What more do you want? Suffice to say that the Hackney Empire pantomime, even without Clive Rowe this year, has absolutely everything you would expect in a traditional Christmas show, including – I hadn’t forgotten – rhyming couplets and a spanking new dame who gives Adele a run for her money with the big song from the new James Bond movie.

Of course, the venue itself is half the excitement. Frank Matcham’s glorious, gilded pleasure dome is big enough for all of us, and the place purrs with delight as Susie McKenna’s production (she writes and directs the whole thing) unfolds at a cracking pace, even if the first half is ninety minutes long.

Twin poles of good and evil are represented by Rina Fatania’s chuckling, chattering Fairy Bowbells and Kat B’s dread-locked, super-cool King Rat. Joanna Riding’s Dick steers a middle path through painted front cloths, the Fitzwarrens’ kitchen – where she’s caught in a day-glo nimbus of sudden love with Alexia Khadime’s feisty, strong-limbed Alice – and the escape to the high seas after being falsely accused of robbing the Fitzwarrens’ safe.

It’s never clear why everyone else in the cast goes with her, but that’s another of panto’s inexplicable joys. Having chased each other round London town, they all find themselves chased around the desert island, absorbing an extra quest for the sacred sea-shell and an aquamarine mermaid for Darren Hart’s likeable Idle Jack.

Steve Elias, well-known as a musical theatre performer, is a revelation as Sarah the Cook, a Welsh widow with a big voice and a sudden craving for the “multilateral” charms of Hackney’s inclusive community. He combines outrageous music hall bravura with steely discipline in the classic manner, sporting a hilarious array of curly wigs, aprons and plastic bosom accoutrements.

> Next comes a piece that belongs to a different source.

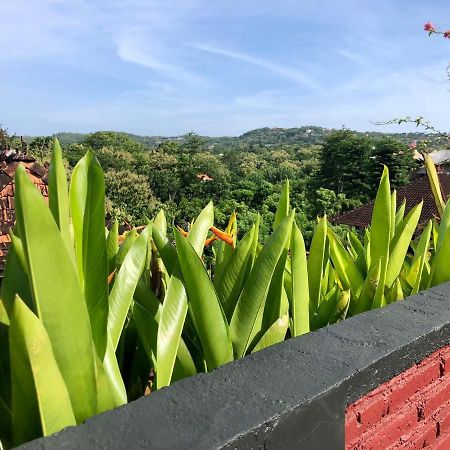 The Hidden Escapes Bingin- Sunset Rooftop Wood House With Ocean View & Private Kitchen Uluwatu Exteriör bild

Elias also co-choreographs the show (with Sam Francis), while the splendidly phlegmatic five-piece band under Mark Dickman doesn’t miss a trick, or a pratfall, in either the custard pie kitchen sequence or the roster of faintly familiar pop songs.

What I most admire about McKenna’s pantos - and this is one of the very best - are their generosity of spirit, colourful costumes and designs (by Lotte Collett), technical efficiency and absolute regard for panto lore, as embodied in the song sheet, Elias, Riding and Tony Whittle’s Eric Morecambe-like Alderman, a man for whom no gag, nor no skate, is too cheap. This is the perfect holiday outing.